Washington’s central high desert region is known as the Channeled Scablands. This is where Ice Age floods from Glacial Lake Missoula scoured the region into a maze-like patchwork of canyons, coulees, buttes, and basins. It is estimated that the wall of water that raced across the area was hundreds of feet high, leaving behind such a dramatic landscape that it has been designated one of Washington’s seven wonders. Situated in the largest of these canyons, the 60-mile-long Grand Coulee, a 600-acre butte of volcanic columnar basalt rises 800 feet above Banks Lake. Named Steamboat Rock for its resemblance to a grounded sternwheel boat, the towering formation stands in stark contrast to deep blue lake surrounding it. Located near the base of the rock on its east side, and along the adjacent canyon wall Steamboat Rock State Park preserves this unique landscape for visitors and outdoor lovers to enjoy and explore the rock, lake and surrounding canyon country.
The state park at Steamboat Rock, approximately 100 miles west of Spokane, features two camp areas offering 162 for parking RVs and pitching tents. Most of these sites offer full hookups, but there are also standard sites for tent campers; most sites are open and grassy, with little shade. Parking pads are mostly back-in, with only a limited number of pull-through, and can accommodate vehicles/trailers up to 50 feet. Sites are all equipped with picnic tables and fire rings, and have access to drinking water, flush restrooms, and showers; many sites and facilities are ADA accessible. There are also 12 boat-in sites on the north end of the peninsula, and 80 primitive sites at Jones Bay and Osborn Bay. These locations have vault toilets only, and no water. The park’s seasonal concessionaire carries groceries, firewood, ice, and fishing supplies. The park is open year-round, but water is turned off in the winter. Reservations are accepted for camping from May 15 to Sept. 15, otherwise sites are first-come, first-served. Campsites are $12–$50/night.
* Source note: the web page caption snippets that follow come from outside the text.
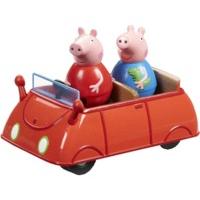Character Options Peppa Pig Weebles Push Along Wobbily Car
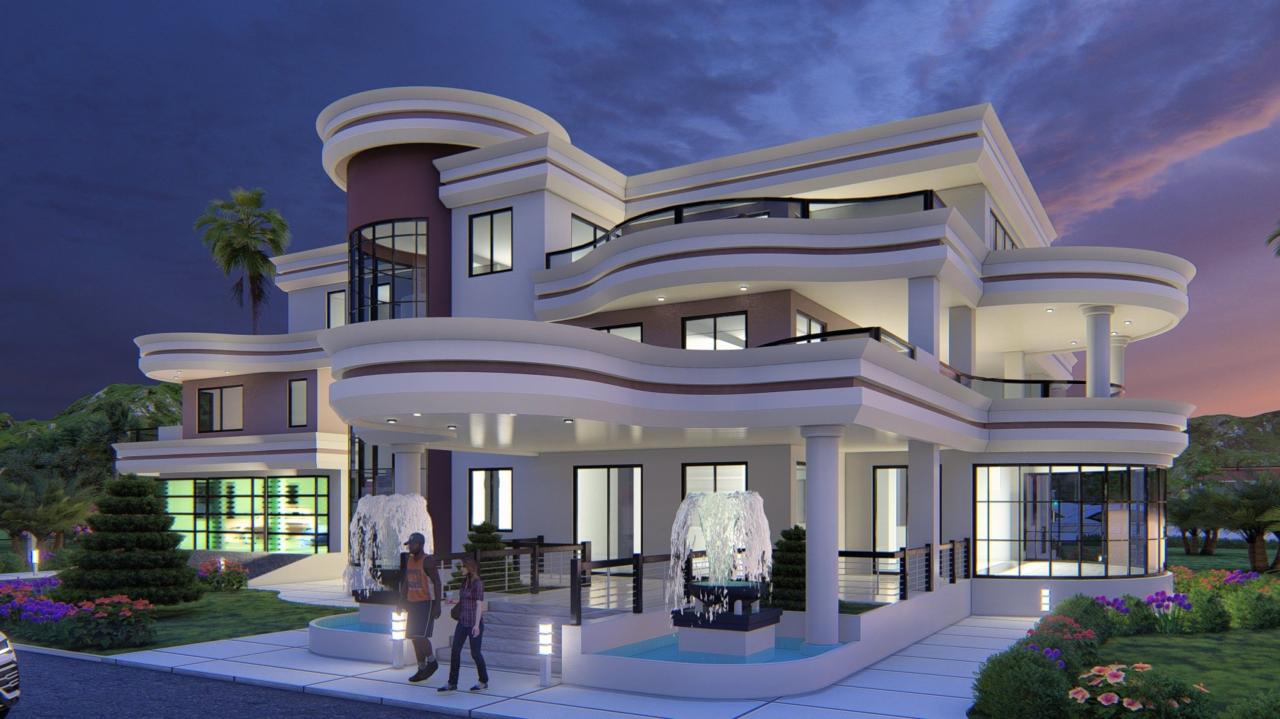  Contemporary Modern Luxury House Plans: Redefining the Art of Luxury Living 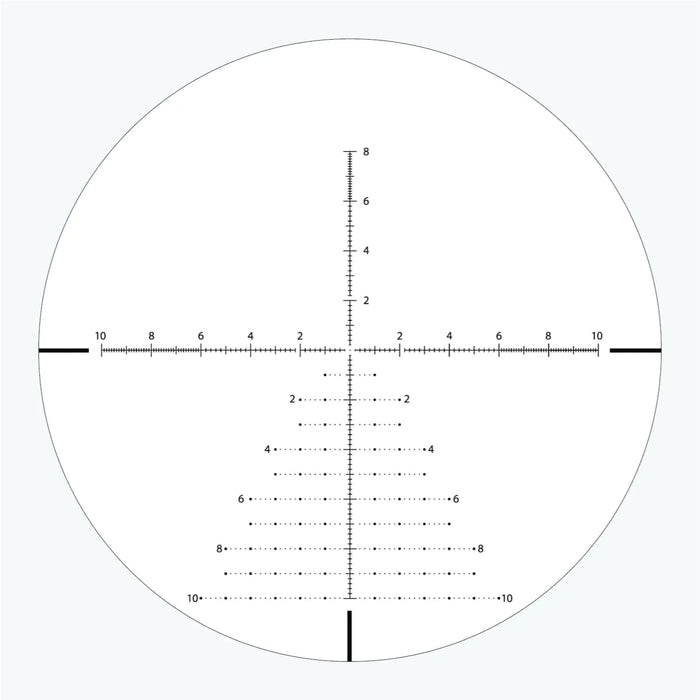 Athlon Optics Midas TAC GEN2 HD 5-30x56mm APRS15FFP IR MIL Reticle Riflescope - 213088 APRS15 FFP MIL Reticle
The main attraction at Steamboat Rock State Park is, obviously, Steamboat Rock. From the camp area, a 1-mile hiking trail climbs 700 feet to the top of the plateau. From the junction at the top, several more miles of trails branch out across the plateau and offer sweeping views over Banks Lake and the Grand Coulee. Watch for wild turkeys, deer, bobcats, coyotes, hawks and eagles. For more hiking, head for nearby Northrup Canyon, where a 3-mile (one way) trail heads up a colorful side canyon to an old homestead site, then beyond to Northrup Lake. To beat the summer heat, just spend your time at Banks Lake. The day-use area in the park offers sunning and swimming at a sandy beach, and there are sports courts and a kids playground. Several boat launches are available for taking to the lake for paddling, water skiing and fishing for whitefish, walleye, rainbow trout and Kokanee. For some free evening entertainment, just head 12 miles north to the Grand Coulee Dam and catch the nightly laser light show.